*** Records to use Section Begins ***
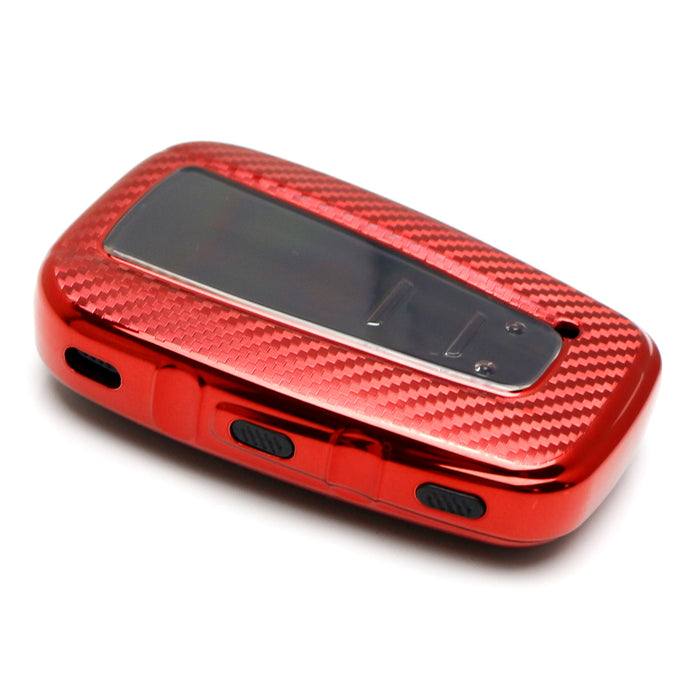 Red w/Carbon Fiber TPU Key Fob Protective Case For 17/18-up Toyota Camry Prius..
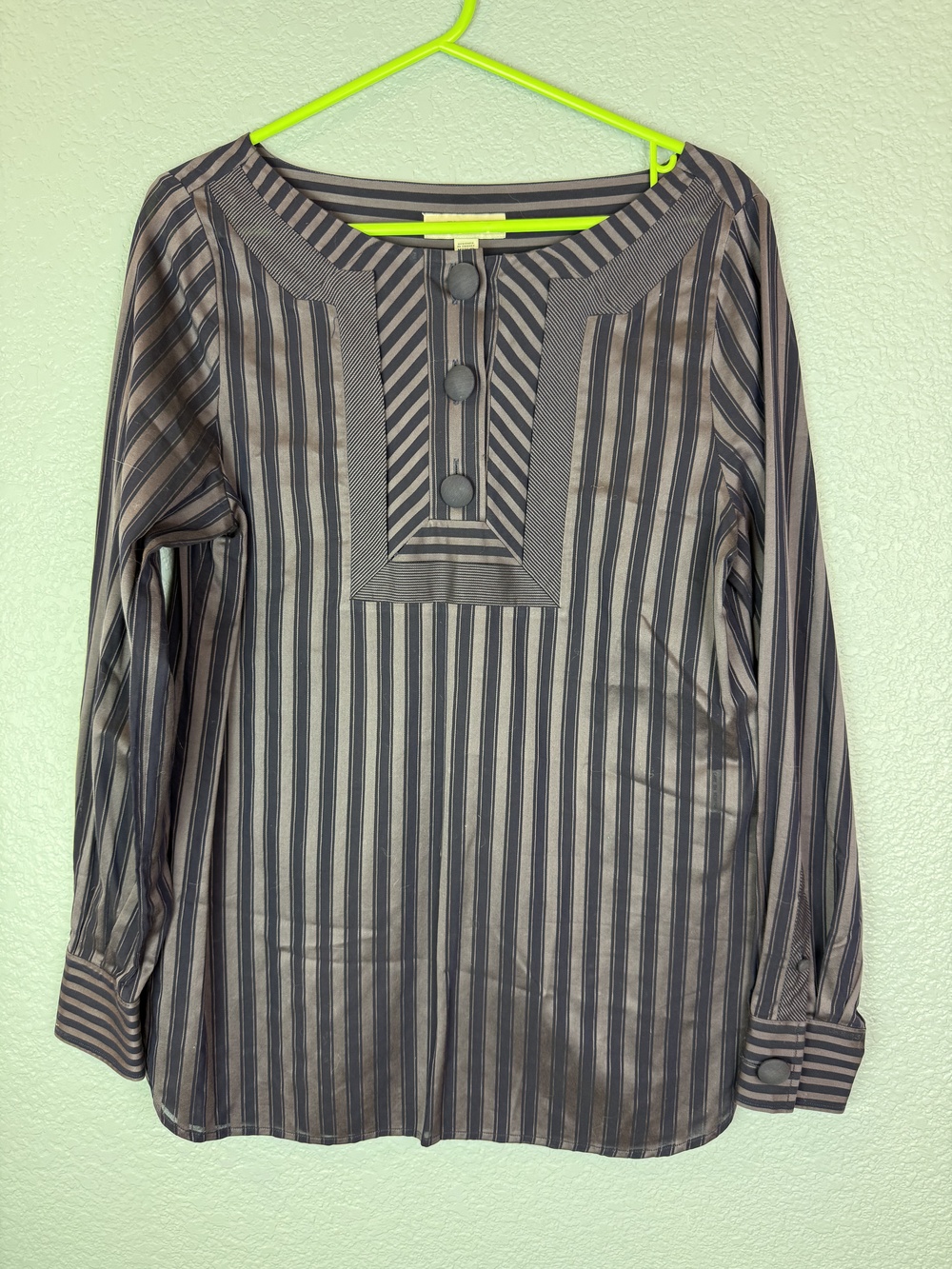 Faconnable Shirt Womens Small Purple Striped Long Sleeve Button Tunic Top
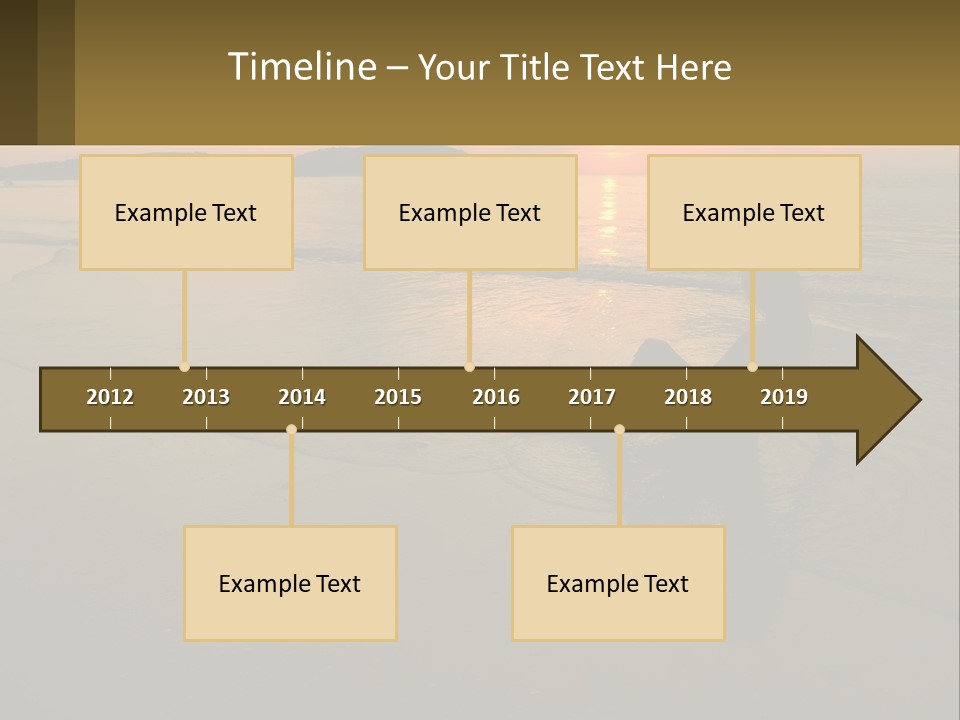 A Woman Is Sitting On The Beach At Sunset PowerPoint Template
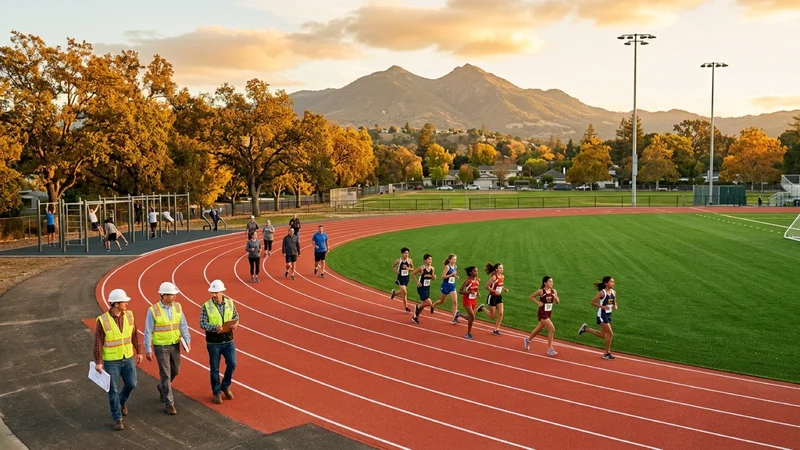 Community walkers, middle school runners, and engineers on a newly resurfaced terracotta-red eight-lane running track at Stone Valley Middle School in Alamo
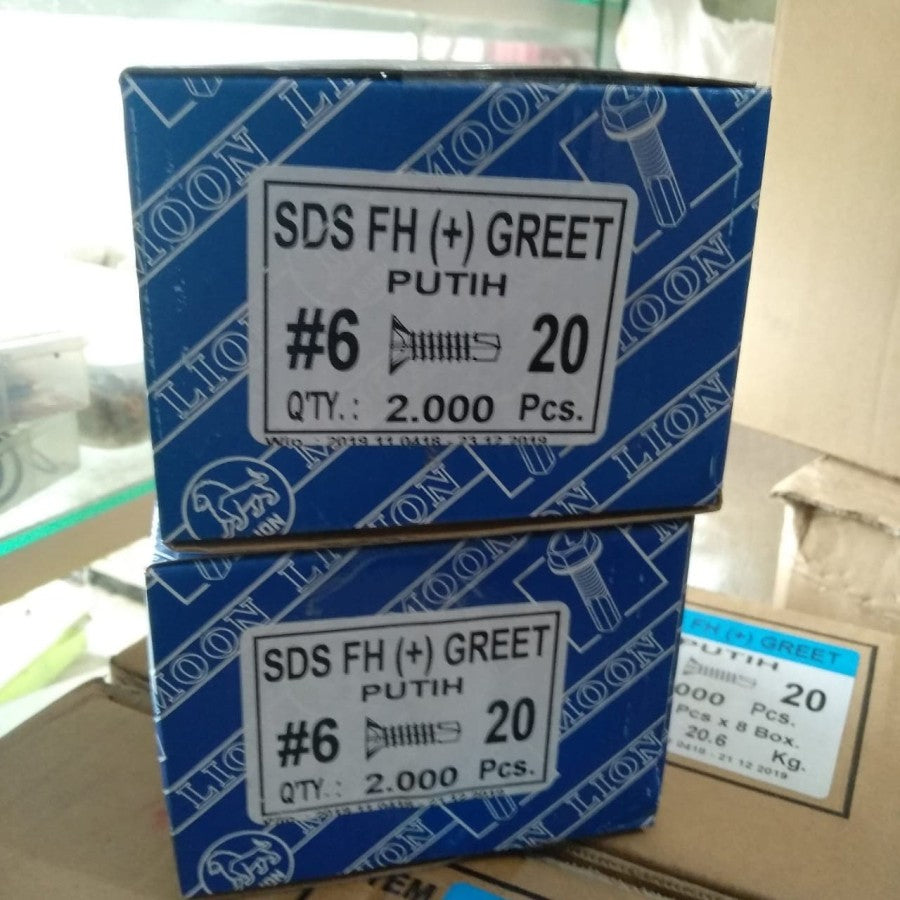 Sekrup GRC SDS #6x3/4 Sekrup SDS FH (+) Greet Putih Skrup Kalsiboard Calci Board Kalsi GRC Self Drilling Screw SDS 6x3/4 Baut Paku Papan Grc Roofing Rofing Rufing Ruping Sekrup Baja Ringan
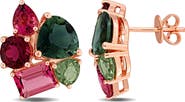 Julianna B. Green & Pink Tourmaline Cluster Drop Earrings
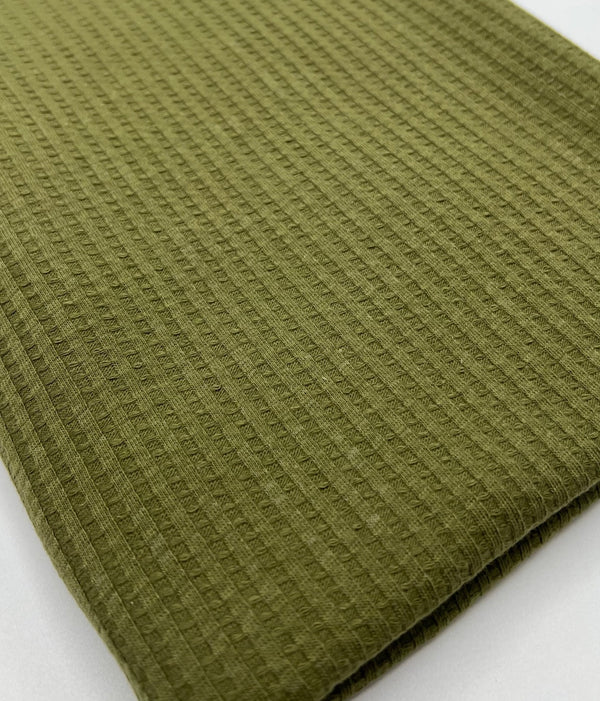 Khaki Cotton Soft Waffle Jersey Fabric 210 GSM 4 Way Stretch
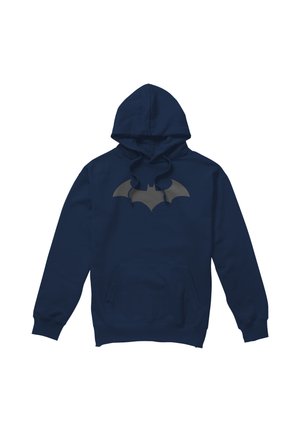 Navy blue hooded sweatshirt with front pocket and a large gray bat symbol printed on the chest.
*** Records to use Section Ends ***
[Exercise]: Leave out the pictures, then reproduce exactly the run of lines from the one that contains "Sekrup GRC SDS" to the final line of the listing above.

[Answer to the exercise]:
 Sekrup GRC SDS #6x3/4 Sekrup SDS FH (+) Greet Putih Skrup Kalsiboard Calci Board Kalsi GRC Self Drilling Screw SDS 6x3/4 Baut Paku Papan Grc Roofing Rofing Rufing Ruping Sekrup Baja Ringan
 Julianna B. Green & Pink Tourmaline Cluster Drop Earrings
 Khaki Cotton Soft Waffle Jersey Fabric 210 GSM 4 Way Stretch
 Navy blue hooded sweatshirt with front pocket and a large gray bat symbol printed on the chest.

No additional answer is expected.